Russia has decided to sell Syria P-800 Yakhont supersonic anti-ship cruise missiles despite heavy Israeli and American protests.
Last month Israeli Prime Minister Benjamin Netanyahu personally asked Russian Prime Minister Vladimir Putin to call off the sale. The U.S. is also described as putting up “stiff opposition” to it. Yet over the weekend, Russian Defense Minister Anatoly Serdyukov announced the sale in Washington during talks with U.S. Defense Minister Robert Gates.
Both the U.S. and Israel fear that the Yakhont, a difficult-to-intercept missile that cruises just above sea level at twice the speed of sound, could threaten their naval vessels in the Mediterranean. They are also concerned that Syria could transfer the missiles to Hezbollah. In the 2006 Second Lebanon War, Hezbollah hit an Israeli missile boat with a Chinese-made missile, killing four crew members. The missile had been smuggled into Lebanon through Syria.
That not even Israel’s superpower ally could dissuade Russia from taking this aggressive, dangerous step is unfortunately part of a pattern. Reuel Marc Gerecht and Mark Dubowitz have noted in the Wall Street Journal that, even at a time when the major European states and Japan are cutting business ties with Iran, Russia (along with China) is stepping in to fill the void.
Russia’s energy conglomerate Gazprom, in particular, “continues to explore whether to expand Iran’s oil and gas pipelines, a critical development” that could offset Europe’s ban on the transfer of liquefied-gas technology to Tehran.
It was only last June that the Obama administration was hailing Russia’s (and China’s) aye vote on UN Security Council Resolution 1929, which imposed stiffer sanctions on Iran, as a triumph of unity. More generally, Russia — along with Iran itself — is one of those countries inimical to the West with which Obama has earnestly sought to make friends.

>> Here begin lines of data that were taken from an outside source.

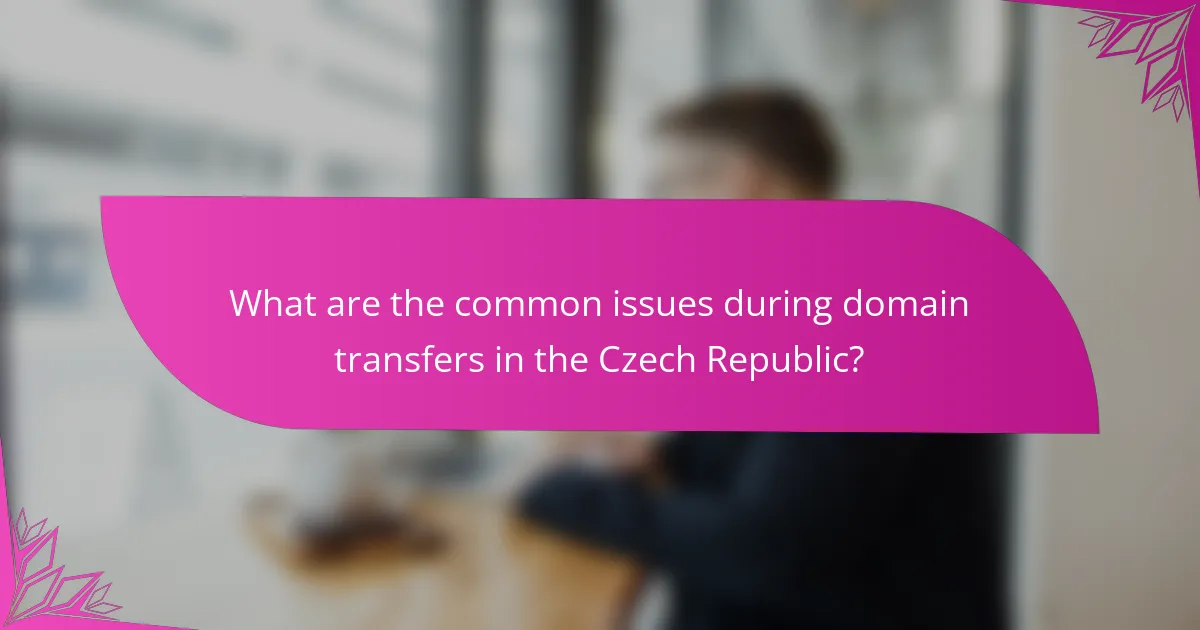 What are the common issues during domain transfers in the Czech Republic?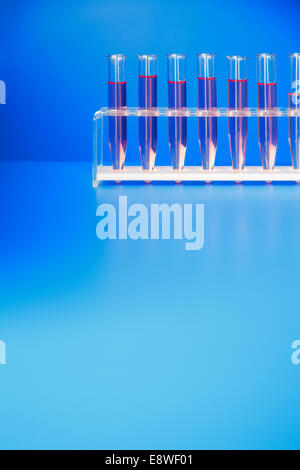 Rack of test tubes with solution on blue counter Stock Photo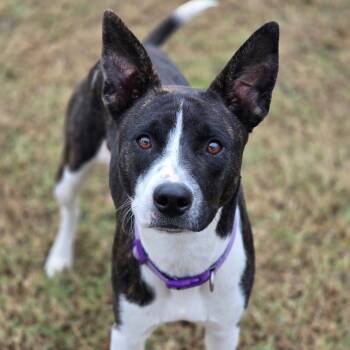 Rescue Dutch Shepherd and Terrier Dogs for Adoption in Enid, Oklahoma - Samara | PetCurious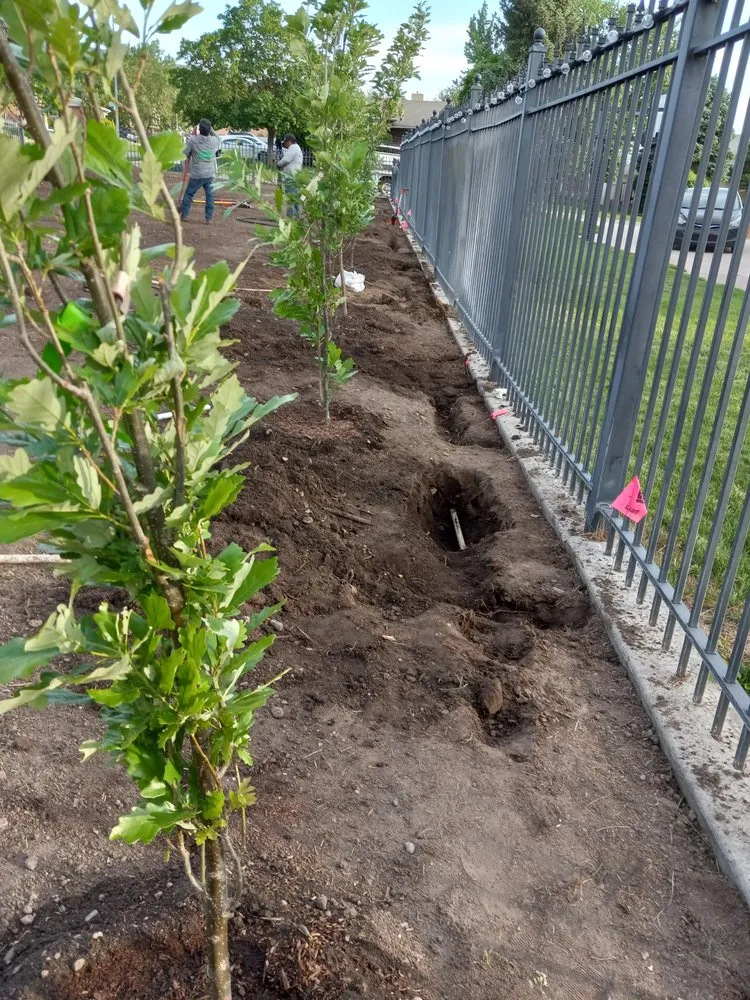 Trusted landscape design for residential properties across Lehi, UT - Pacheco's Landscaping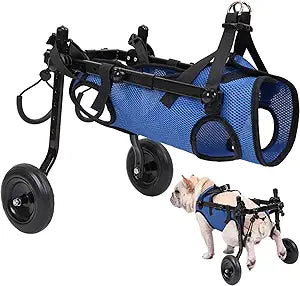 Dog Wheelchair for Back Legs, Adjustable Support for Small Dogs (M) | Lightweight design helps small dogs maintain mobility, comfort, and independence during daily activities.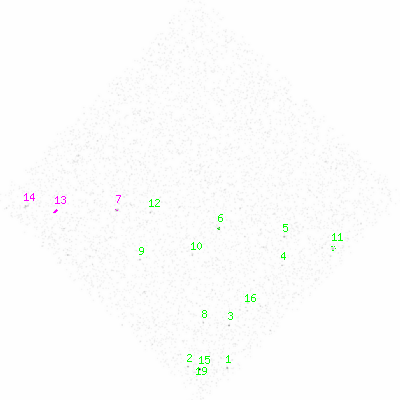 ccd3 smooth0 image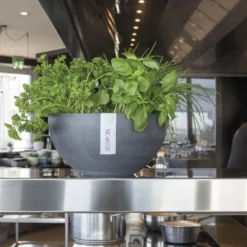 Blumentopf ECOPOTS Sofia Aus Kunststoff | 30 X 13 X 13,5 Cm | Grau -Ecopots Verkäufe blumentopf ecopots sofia milieu 3 4 9583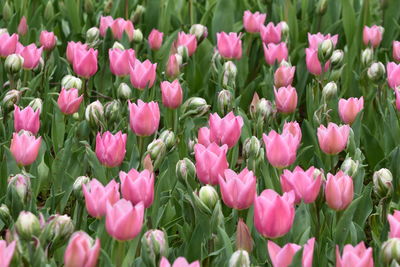 Close-up of pink flowers blooming in field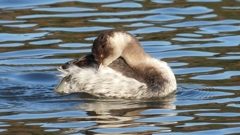 DSCN5940：ハジロカイツブリ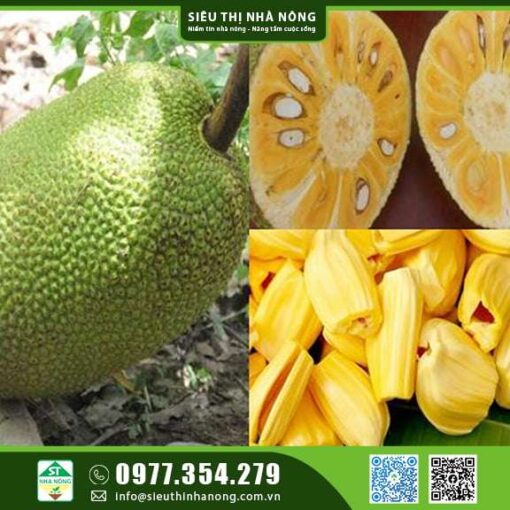 MÍT THÁI SIÊU SỚM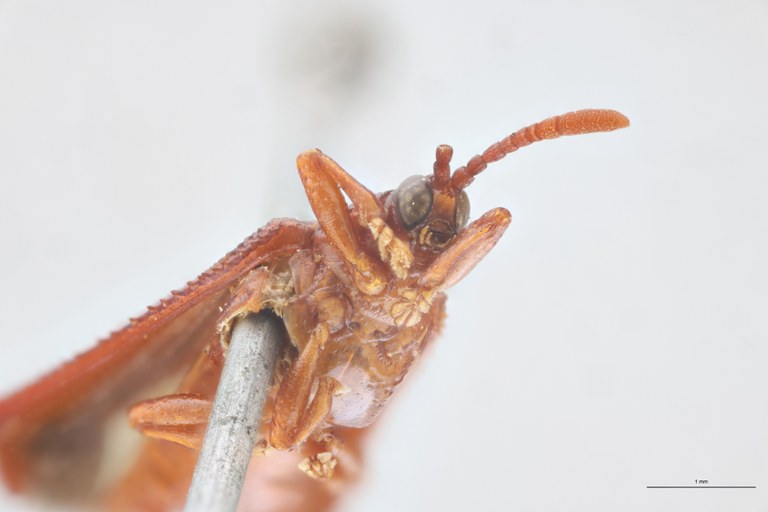 Octhispa bivitticollis Ex-T F-V.jpg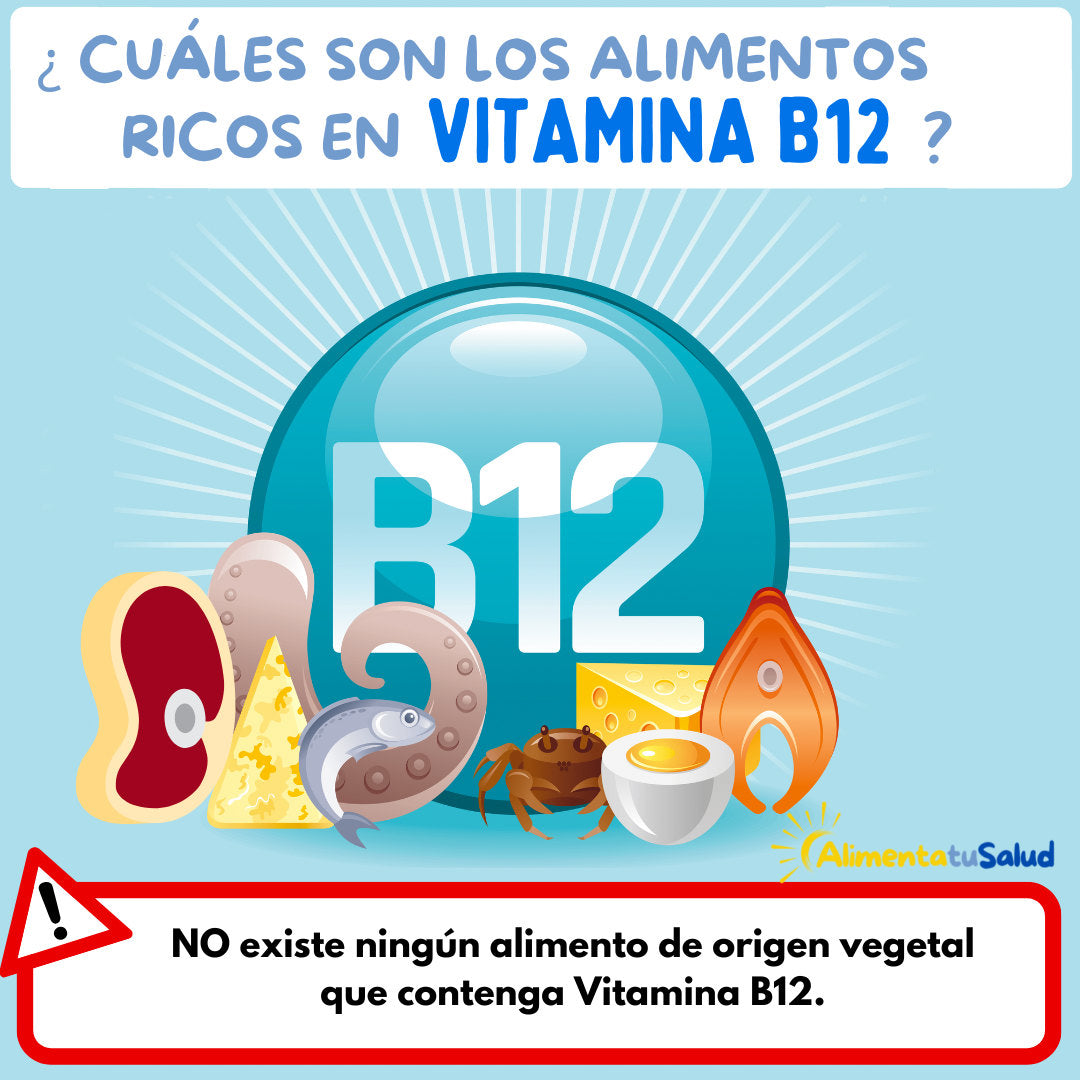 Alimentos que contienen vitamina B12, alimentos ricos en vitamina B12, donde se encuentra la vitamina B12, que tiene vitamina B12.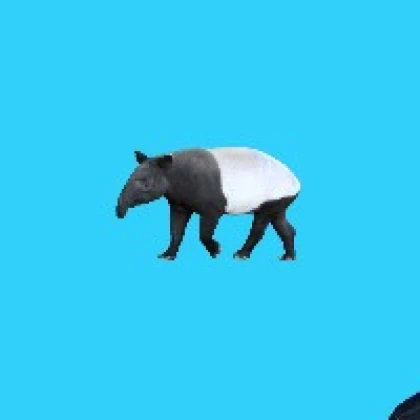 ヒト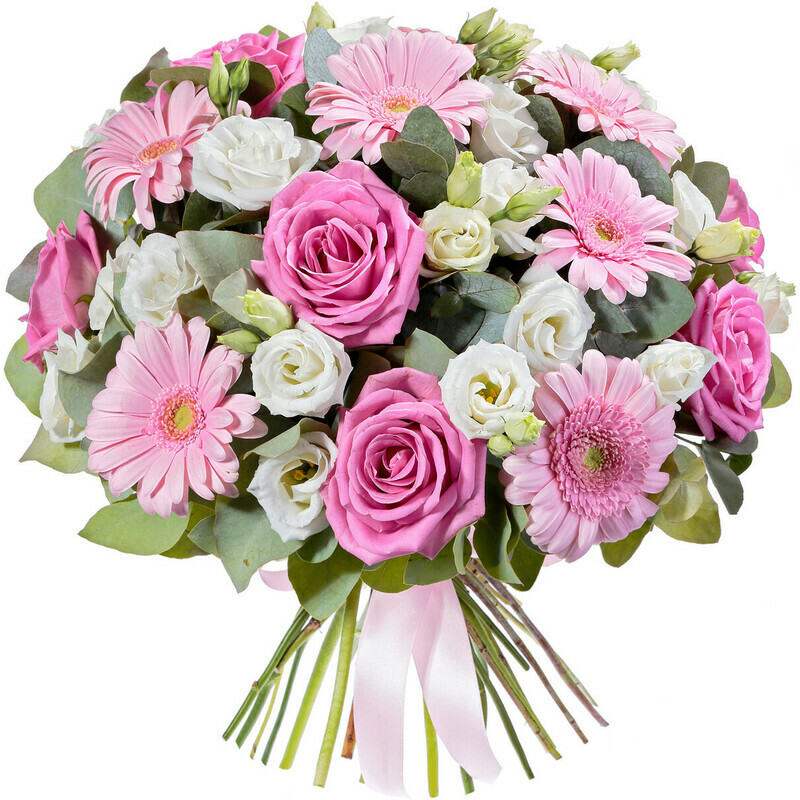 Нежное Признание, делюкс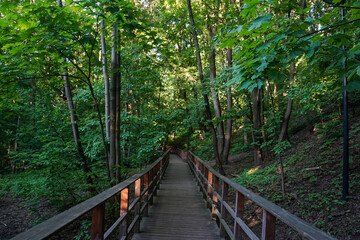 Eco trail wooden walkway among trees in a forest in summer sunny day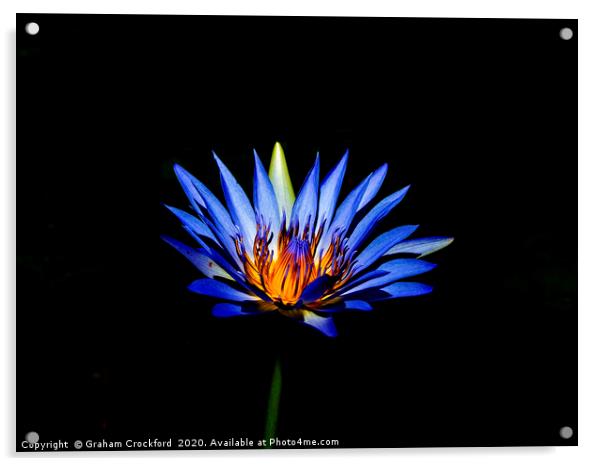 South African Water Lily Acrylic by Graham Crockford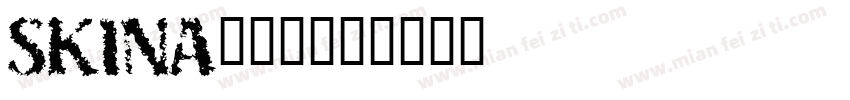 SKINA___字体转换
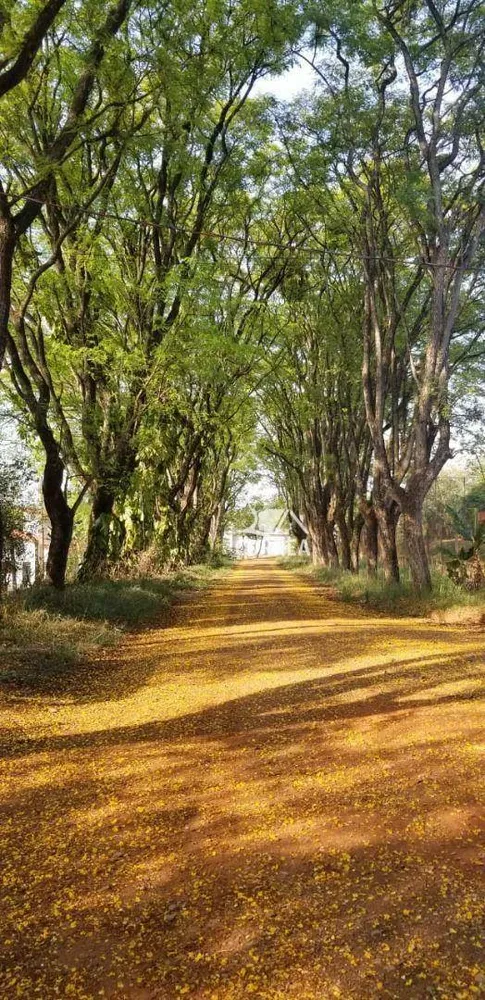 Chácara, 7 quartos, 2000 m² - Foto 4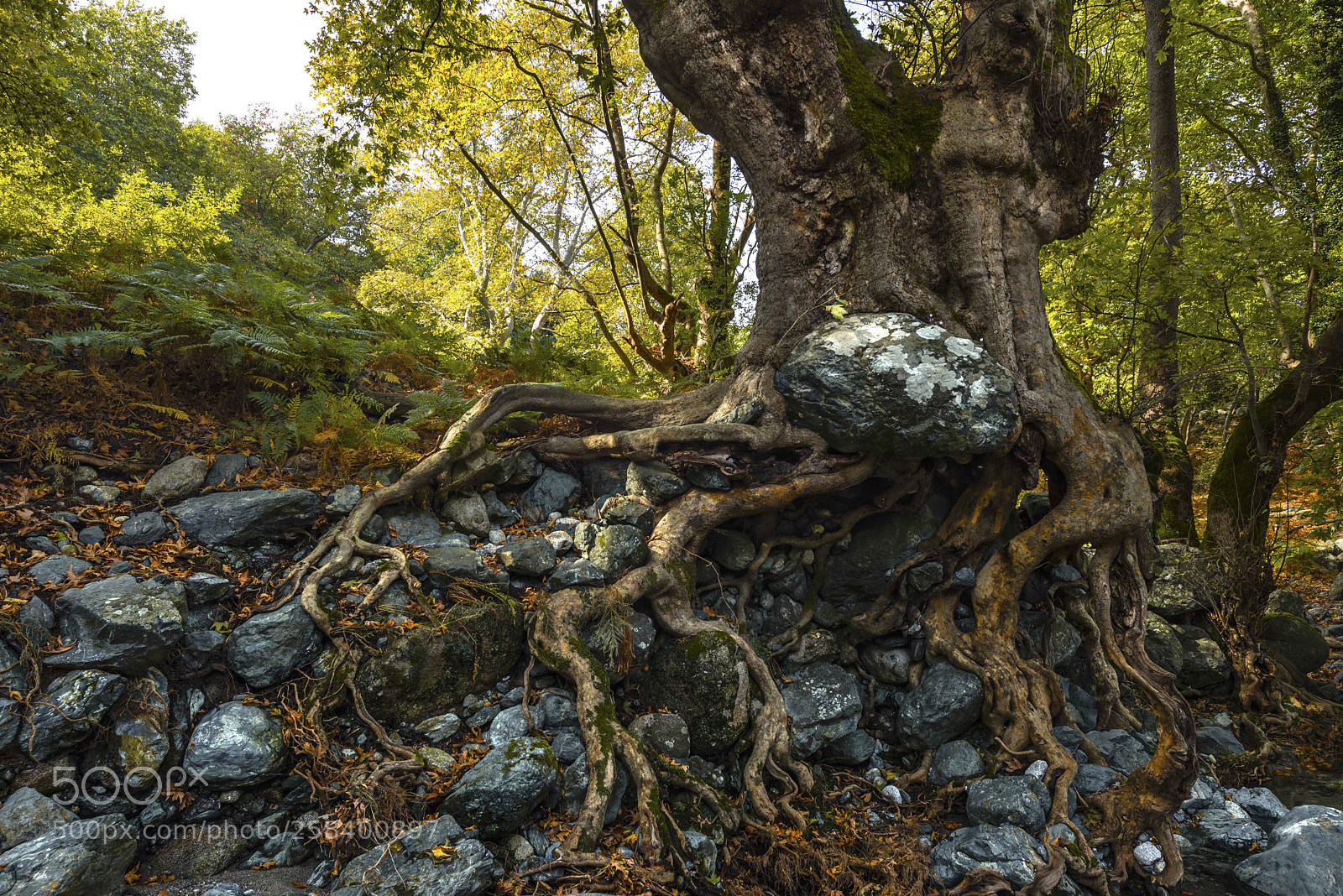Nikon D600 sample photo. Kameneus the devourer photography
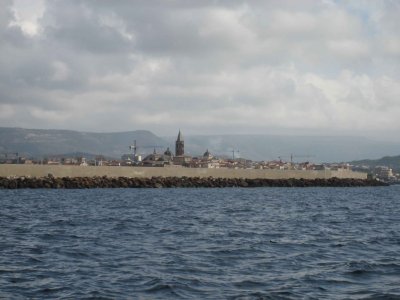 Alghero et ses grues peu portuaires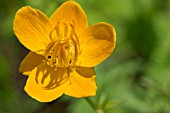 TROLLIUS CHINENSIS GOLDEN QUEEN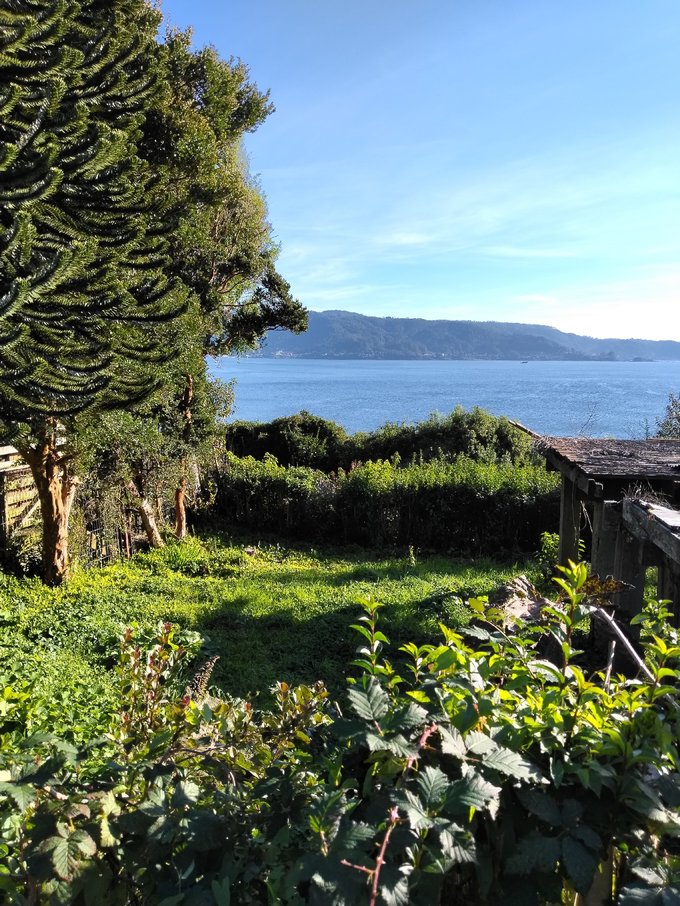 VISTA TERRENO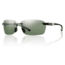 Smith Optics Trailblazer sg, Black/pol Gray grn chrom lens TZRPGNBK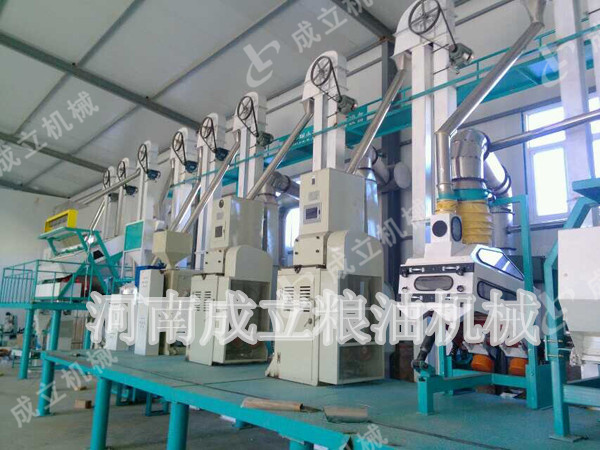 日產80噸小米加工設備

Gerecht and Dubowitz now warn that U.S. failure to act against Russian and Chinese trade with Iran “will probably crack European resolve, collapsing our Iran policy.” So far there is no sign that Washington is heeding the warning.
Meanwhile outspoken Israeli Foreign Minister Avigdor Lieberman has said the U.S. is applying “massive” pressure on Prime Minister Benjamin Netanyahu to extend Israel’s settlement moratorium beyond its rapidly approaching expiration date on September 26.
In other words, at a time when Israel’s security environment is worsening, in no small part because of the Obama administration’s strategic weakness, Israel is being pushed hard by that same administration into making its security environment even worse.